Pois foi graças ao meu cão, que pacientemente leva-me todos os dias a passear, que eu conheci um desses velhinhos solitários legítimos, que tem em seu pinscher de quilo e meio um excelente facilitador de conversas sobre os tempos em que esculpia coisas belíssimas e teve uma linda pousada em Ouro Preto, toda decorada com amor e seu suor de escultor, profissão que lhe custou algumas artroses ("tá vendo?") e o orgulho de ter uma linda escultura na Lagoa Rodrigo de Freitas. Nos dias em que não o encontro, sonho com suas histórias.
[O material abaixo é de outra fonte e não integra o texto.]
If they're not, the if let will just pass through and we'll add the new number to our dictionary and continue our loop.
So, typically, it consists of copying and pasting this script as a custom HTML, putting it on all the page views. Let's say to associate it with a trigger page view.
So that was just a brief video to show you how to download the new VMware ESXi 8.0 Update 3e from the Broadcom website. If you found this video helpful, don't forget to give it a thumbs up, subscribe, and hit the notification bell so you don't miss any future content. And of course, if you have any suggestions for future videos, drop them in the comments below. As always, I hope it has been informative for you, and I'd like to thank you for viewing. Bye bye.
Foi graças ao meu cão, que faz o que pode para me expor a uma réstia de luz celeste, que descobri que o saxofonista do F, que toca as mais belas canções que um saxofone consegue pronunciar, teve o coração partido e nunca mais se recuperou, e agora, só pra se vingar deste mundo cão, passa os dias a tocar dolorosamente músicas que fariam partir o coração de qualquer pedra, mesmo daquelas que não entendem nada de música, como eu.
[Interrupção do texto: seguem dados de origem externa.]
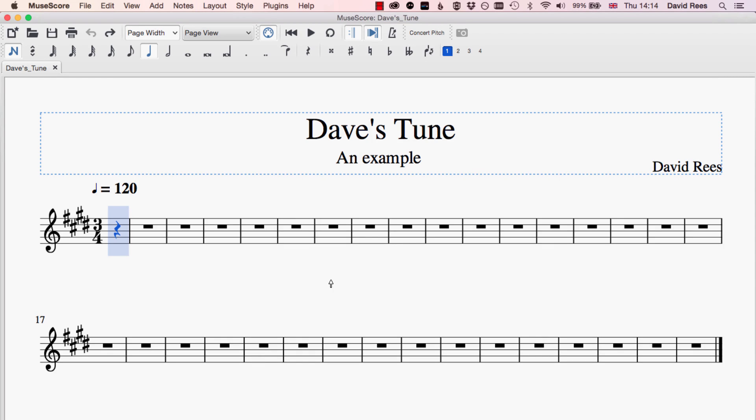Now it's time to get to grips with the main business of using MuseScore: writing notes into the music. There are lots of different ways of doing that. We can write notes into our score with the mouse, with the keyboard, and if we've got a MIDI keyboard — a piano keyboard that we can plug into our computer — we can write notes using that as well.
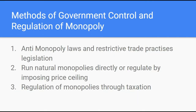Now how does the government control and regulate monopoly? Governments can do that directly through imposing laws like the anti-monopoly laws and restrictive trade practices legislations. They can also run natural monopolies. Natural monopolies are a type of monopoly where there is high startup cost and the first company enjoys huge economies of scale and advantage over its competitors.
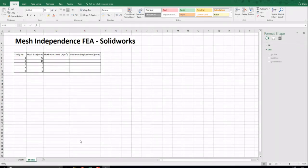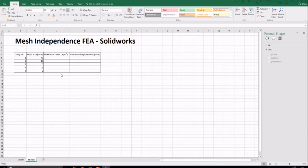This is an example of a spreadsheet which could be used to record the results. Important parameters to record are the study number, mesh size, maximum stress, and maximum displacement. For this study, I have chosen 5 arbitrary values of decreasing size from 40mm to 2mm for the mesh.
Graças ao meu cão, que faz o maior sucesso com todas as crianças do condomínio (a ponto de uma delas ter me proposto uma troca chocante, o cão dela pelo meu, proposta da qual gentilmente declinei, pois é importante ser sempre gentil com os menores de seis anos porque eles realmente não sabem o que dizem ou fazem), que eu comecei a me relacionar melhor com os pequenos. Eu já cheguei a pensar que só seria capaz de tolerar crianças consanguíneas ou as de amigos que eu amo muito, mas meu cão me ensinou que todo filhote é digno de amor e respeito, e que todas as criaturas são, em última instância, filhotes de alguém - até mesmo os políticos, os traficantes, as pessoas que odeiam animais e outros tipos que, no período a.B. (antes da Bibi), eu aniquiliaria na ponta da unha se fosse um gigante de 100 metros de altura.

Graças à Bibi, se eu hoje tivesse que escrever um texto para sensibilizar as pessoas a tolerarem os animais de seus vizinhos, seria obrigada a escrever uma autobiografia para provar que os animais podem fazer com que nós enxerguemos melhor o próximo e escutemos - com ou ouvido interno do coração - o que os outros realmente têm a dizer com suas palavras, seus gestos e sua música.